Excerpted data section start

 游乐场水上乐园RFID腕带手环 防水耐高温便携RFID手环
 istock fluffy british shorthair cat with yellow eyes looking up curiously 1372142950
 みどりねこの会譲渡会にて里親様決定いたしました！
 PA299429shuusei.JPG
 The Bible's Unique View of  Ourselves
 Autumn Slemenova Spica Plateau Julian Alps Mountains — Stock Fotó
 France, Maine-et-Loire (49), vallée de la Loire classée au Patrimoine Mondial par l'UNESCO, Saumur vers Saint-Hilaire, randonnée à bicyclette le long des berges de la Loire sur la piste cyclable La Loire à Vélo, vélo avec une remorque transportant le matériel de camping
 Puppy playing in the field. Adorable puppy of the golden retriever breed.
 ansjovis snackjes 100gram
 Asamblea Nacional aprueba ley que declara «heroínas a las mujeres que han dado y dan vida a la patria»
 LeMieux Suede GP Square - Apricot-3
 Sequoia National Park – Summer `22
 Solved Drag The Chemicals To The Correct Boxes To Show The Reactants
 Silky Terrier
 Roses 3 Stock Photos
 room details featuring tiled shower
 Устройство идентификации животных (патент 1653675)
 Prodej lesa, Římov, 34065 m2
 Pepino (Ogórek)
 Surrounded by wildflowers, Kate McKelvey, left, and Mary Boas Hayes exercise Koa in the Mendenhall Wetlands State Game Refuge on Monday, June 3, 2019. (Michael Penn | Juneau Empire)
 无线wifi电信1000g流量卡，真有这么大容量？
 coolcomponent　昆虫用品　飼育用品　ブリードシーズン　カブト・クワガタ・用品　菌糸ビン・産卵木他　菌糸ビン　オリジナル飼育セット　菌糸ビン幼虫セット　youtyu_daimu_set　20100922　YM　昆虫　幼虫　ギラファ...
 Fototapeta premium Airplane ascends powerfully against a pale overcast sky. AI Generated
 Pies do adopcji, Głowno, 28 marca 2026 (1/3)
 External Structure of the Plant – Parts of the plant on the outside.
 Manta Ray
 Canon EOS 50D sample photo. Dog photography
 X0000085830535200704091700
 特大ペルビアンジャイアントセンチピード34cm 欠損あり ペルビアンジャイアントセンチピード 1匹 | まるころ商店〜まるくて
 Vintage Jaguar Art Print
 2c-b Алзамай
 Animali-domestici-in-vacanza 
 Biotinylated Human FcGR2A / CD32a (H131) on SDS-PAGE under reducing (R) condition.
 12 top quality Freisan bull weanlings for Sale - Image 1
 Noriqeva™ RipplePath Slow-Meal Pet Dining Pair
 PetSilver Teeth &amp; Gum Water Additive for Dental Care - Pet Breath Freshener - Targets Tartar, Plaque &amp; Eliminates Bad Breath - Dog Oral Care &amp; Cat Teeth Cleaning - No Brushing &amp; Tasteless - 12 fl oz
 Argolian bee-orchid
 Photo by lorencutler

Excerpted data section end

» **Problem**: When the line with "Autumn Slemenova Spica" is reached in the data above, start copying there, and copy each line exactly until the line with "ansjovis snackjes 100gram" has been copied; copy nothing else.

» **Solution to the problem**:
 Autumn Slemenova Spica Plateau Julian Alps Mountains — Stock Fotó
 France, Maine-et-Loire (49), vallée de la Loire classée au Patrimoine Mondial par l'UNESCO, Saumur vers Saint-Hilaire, randonnée à bicyclette le long des berges de la Loire sur la piste cyclable La Loire à Vélo, vélo avec une remorque transportant le matériel de camping
 Puppy playing in the field. Adorable puppy of the golden retriever breed.
 ansjovis snackjes 100gram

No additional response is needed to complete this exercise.